Example data set¶
For a quick start with BAT and its modules, we have assembled a small example dataset, adopted from data used in a recent lymphoma publication (link). It is a subset of a paired-end human WGBS dataset, comprising 8 samples (S1-S8), each with two sequencing runs. The samples are split up in two groups (control: S1-S4, case: S5-S8). Either start with the most minimal example data set or use a run-script and additional files to test BAT.
Minimum input data¶
- Download dataset (BAT_example_input.tar.gz, 54 MB) and extract it
$ tar xvf BAT_example_input.tar.gz
This minimum example data set comprises the raw reads of one sample and the already called, but not filtered reads of that sample and further 7 samples. The samples blong to two groups, each of four samples. The unmapped sample consists of two sequencing runs. These reads could be mapped to a reduced genome and merged prior to methylation calling. In addition to the raw and calles methylation data are provided. This will enable you, to run the entire toolkit on a small example region.

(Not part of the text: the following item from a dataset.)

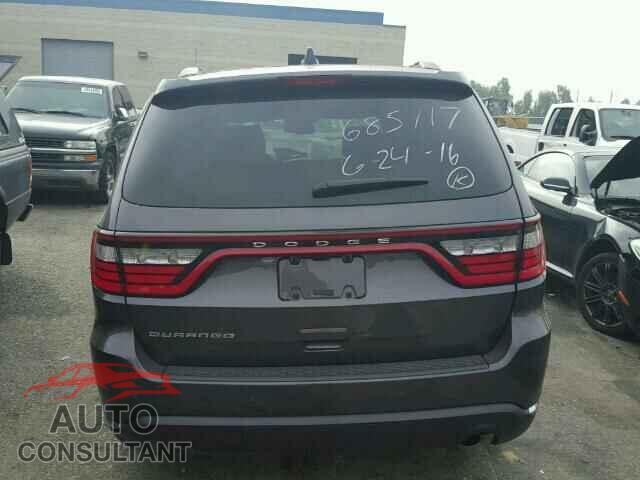 DODGE DURANGO 2015 - 1C4RDHAG1FC147294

In a quite basic version, the tool calls are shown at the example pages. There, the tool calls are given, all output files are stated and, if plots are produced, they are presented.
Extended input data¶
We recommand to download the entire BAT example directory (985 MB),
since a variety of additional files is provided to run all BAT
tools, eg., a reduced reference genome, some gene annotations and
gene expression data. The directory
BAT_example_structure contains a basic folder structure,
raw- two lanes of paired end data
mapped- output folder for mapped data
called- gzipped vcf files of all samples
data- output folder for filtered methylation files for all samples
annotation- folder for annotation dependen analysis
DMRs- output folder for DMR dependend analysis
genomes/hg19- reduced hg19 genome fasta, annotation of some TFBS, reduced gene annotation and the chromosome size file
expression- gene expression files for all samples
circos- circos-dependent data and output folder for circos plot
Extract the example directory using
$ tar xvf BAT_example_structure.tar.gz
Using the example data, given the directory structure and provided files described above, the following scripts can be tested.
For each script, a link to the more details explanation (including the description of all parameters), the example run command, the output, and a short glimpse at the output files and plots is provided.
The entire calls for running the example data are given in the run script, which is based on the given directory structure.